Butterflies have been an important symbol in the art of Carolyne Singer for 50 years. Butterflies can symbolize transformation, rebirth, immortality, beauty, femaleness, freedom, transience, death, the soul…. In her show at the Dolphin Gallery, April 10 – June 6, 2021, Carolyne will be showing sculptures, collages and pencil drawings featuring butterflies.

Singer’s sculptures explore ways to represent childhood memories, simultaneous and interrelated events, dreams and waking visions. A lover of theatrical illusion and a collector of ephemera and “stuff” she creates environments and figures by transforming ordinary materials into the unexpected.

Singer’s collages are created with unique papers she prints with many layers of pattern. Very different are her colored pencil drawings using the butterfly format to explore abstract design.
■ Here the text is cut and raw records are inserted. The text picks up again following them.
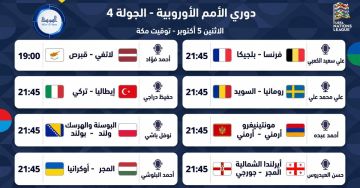 الليلة الأوروبية تشتعل .. موعد قمة فرنسا وبلجيكا وباقي مباريات اليوم الليلة الأوروبية تشتعل .. موعد قمة فرنسا وبلجيكا وباقي مباريات اليوم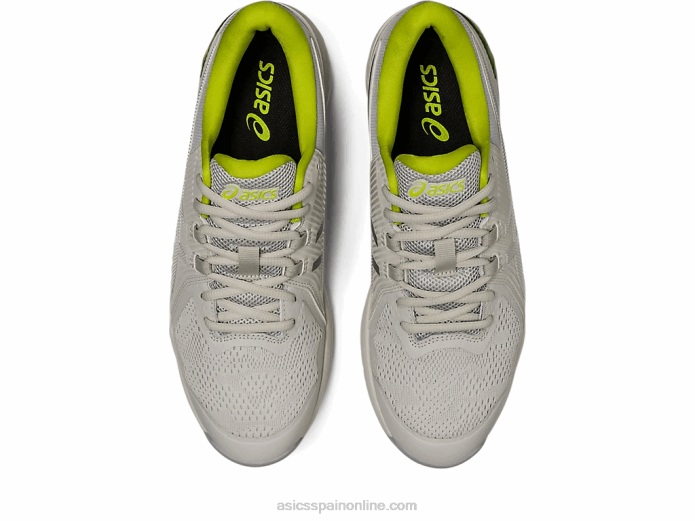 gel-course glide hombres Asics 4L68505 gris glaciar/lima neón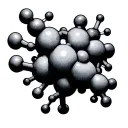 lsd molecule tattoo design idea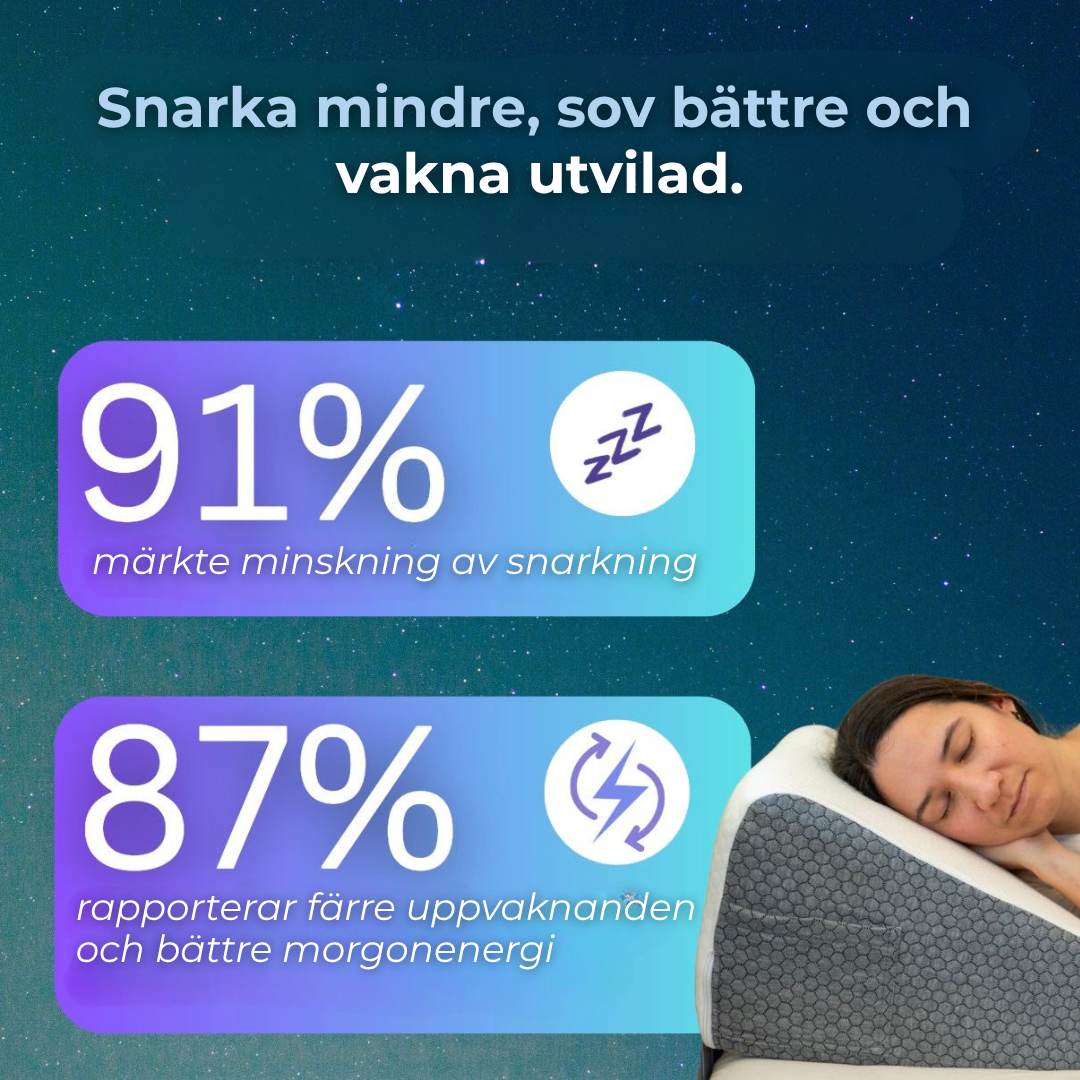 Sleqo™ | Ljusblockerande Sovmask i Siden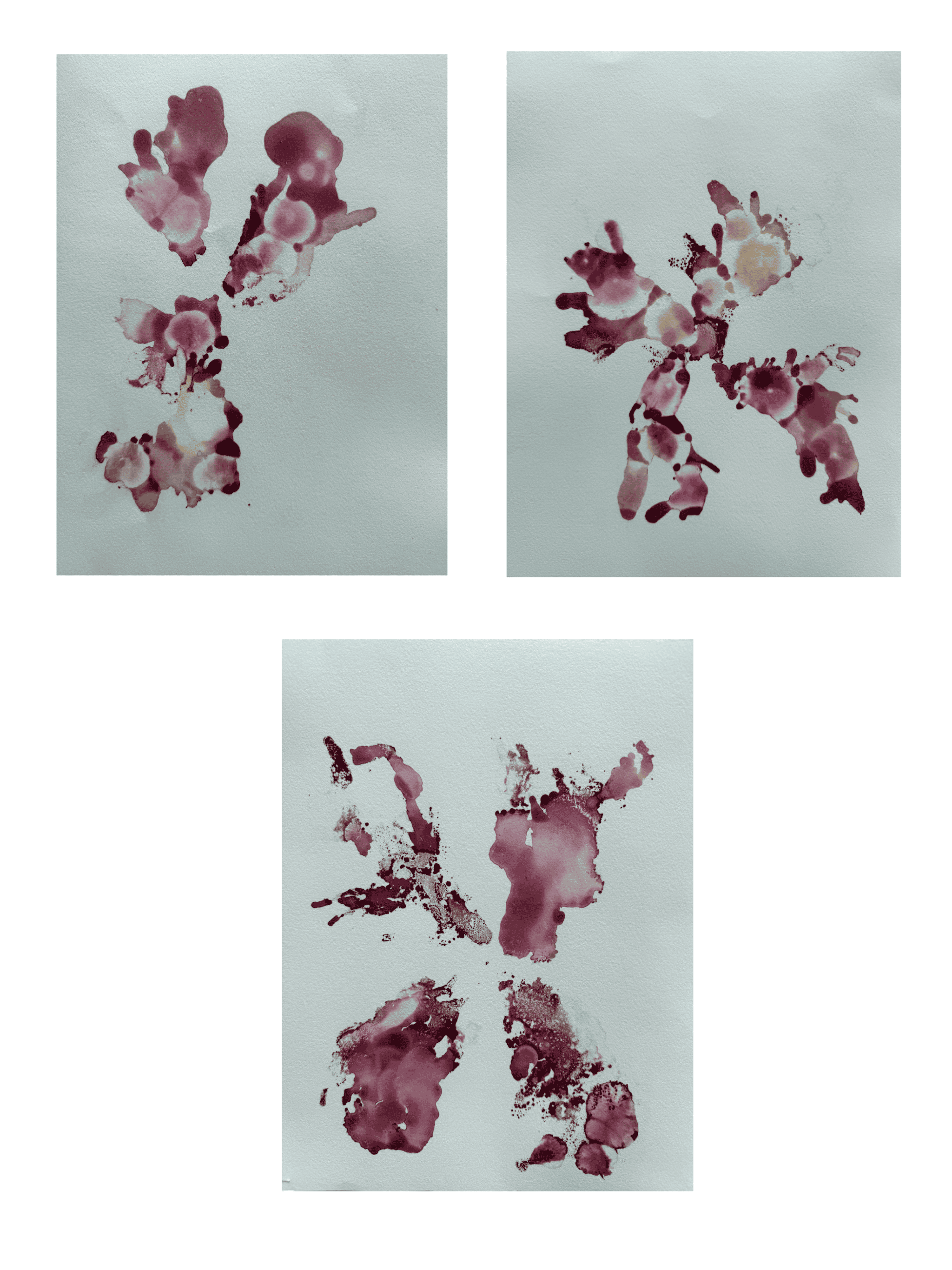 Alcohol ink monotype on BFK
Carolyne Singer added, “I enjoy creating miniature figures, scenes, worlds. I share this passion with my brothers, one makes model train environments, the other exquisitely detailed models of cars, planes and alien crafts. I love seeing the potential in something discarded or ordinary. I am now playing with ways to animate sculpture – springs, pendulums, pop-ups…..

Butterflies have shown up in my art for a long time. I embroidered a butterfly 50 years ago. When I made custom clothing my logo was a butterfly in a new moon circle, a symbol of my clothing’s ability to transform the wearer. I’ve made fantasy butterfly drawings for 15 years. I made a butterfly filled torso sculpture two years ago. When I wanted to explore mono printing I turned the printed papers into butterfly collages. Now butterflies inhabit my newest sculpture.”


Exhibit will continue through June 6, 2021.